Brazil Blocks Dynamic Currency Conversion; Is It a Big Deal?
Sept. 16, 2013
In what has been positioned as a backlash against opaque fees, several Brazilian banks are no longer permitting transactions that use Dynamic Currency Conversion (DCC). Itaú and Bradesco, in accordance with a recommendation from the Association of Brazilian Credit Cards and Services Companies (Abecs), as of Sept. 13 no longer allow DCC on purchases made with credit cards they issue. Whether the news is a big shakeup for e-commerce merchants selling into Brazil remains unclear.
Also known as a multicurrency transaction, the practice is becoming more common when travelers use their credit cards abroad and is used heavily in cross-border e-commerce purchases. As part of a merchant’s payment gateway, DCC automatically converts the price of purchases from an international currency to a local one at the time of purchase. Rather than seeing the price and paying in the currency of the seller and not knowing the exchange rate on the price until a credit-card statement arrives, DCC lets an international buyer pay in the shopping cart in his or her local currency.
While proponents of DCC underscore that the ability to view foreign prices in their own currency helps them better understand prices when making purchases on foreign Websites, Abecs’ executive director Ricardo Viera said it has recommended banks not accept multicurrency transactions. Viera said the agency was fielding an increasing number of complaints from Brazilian consumers who made purchases in Brazilian reals but were confused by credit-card statements that showed the purchase in dollars.
Under the moratorium, which two of the biggest Brazilian card issuers are adhering to, Brazilian consumers holding internationally enabled cards from these issuers cannot pay on foreign Websites in Brazilian currency. Sources tell CardNotPresent.com they may still make purchases on those sites, but they will have to pay in the currency of the country in which the site is located (e.g., U.S. dollars for a site located in the U.S.) and the exchange rate will be applied by the issuer according to the credit-card cutoff date rather than by the merchant on the date of purchase.
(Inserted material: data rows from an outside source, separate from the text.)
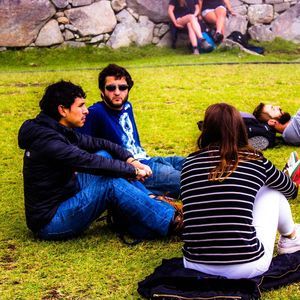 Meet your Posher, David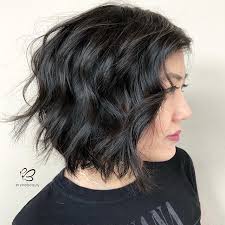 Medium length layered black hairstyle this hairstyle is perfect if you have shoulder length of hair or are planning to cut your hair to that length. 51 Best Short Black Hair Ideas To Inspire You In 2020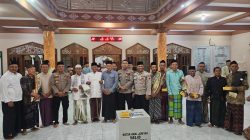 Kapolresta Pati Safari Subuh, Kali Ini Sapa Warga Dukuhseti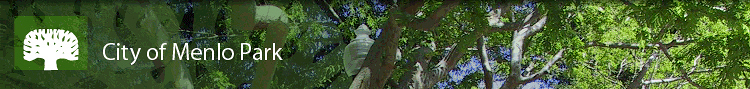 Menlo Park Banner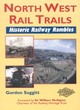Image for North West rail trails  : historic railway rambles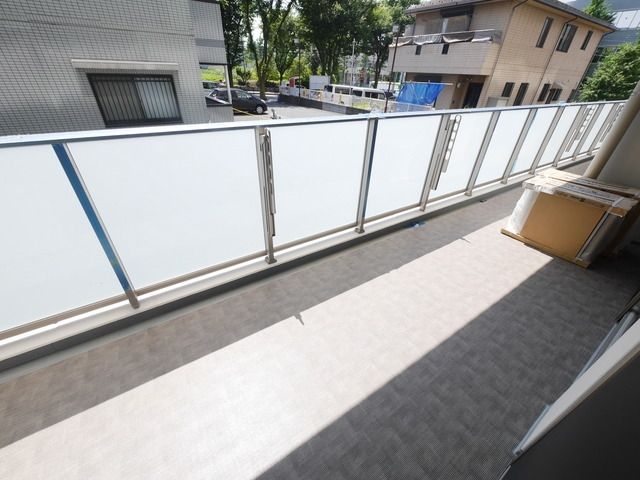 BLESS宮崎台の内装写真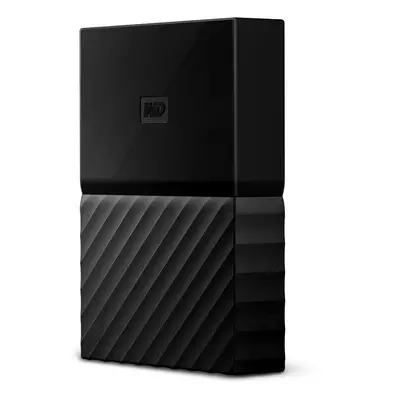 Western Digital My Passport for Mac 4000GB Black external hard drive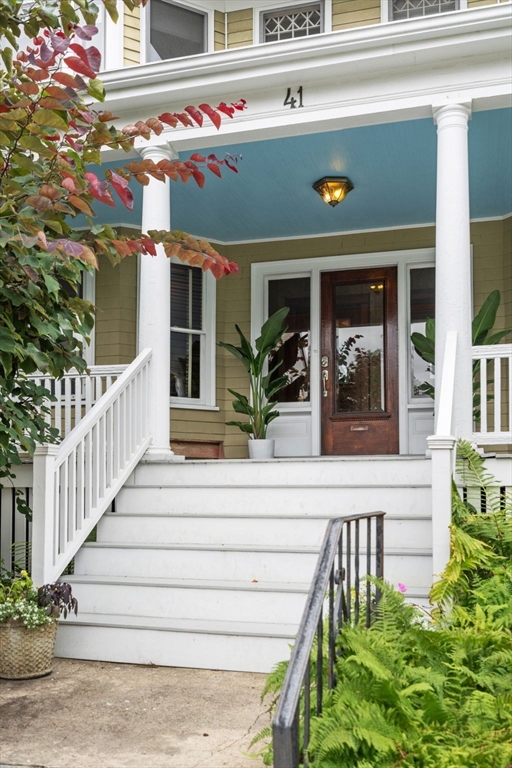 41 Melville Avenue # A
Some experts have suggested that DCC enables merchants to charge extra fees for currency conversion that banks would not. Confusion like this is why Abecs recommended against the practice in the first place. But, will not being able to pay for products on foreign Websites in reals result in a loss of sales for cross-border e-commerce merchants? The answer to that question is unclear and bears watching in the coming months.
In the short term, sources said this will be an inconvenience for merchants who must turn off DCC only for Brazil. But, will it benefit consumers, or is Brazil simply looking out for its local financial institutions?
Said one international acquiring and processing executive: “At the end of the day, somebody is going to hit [consumers] on the FX rate. It’s more [Abecs] trying to control where that hit’s coming from.”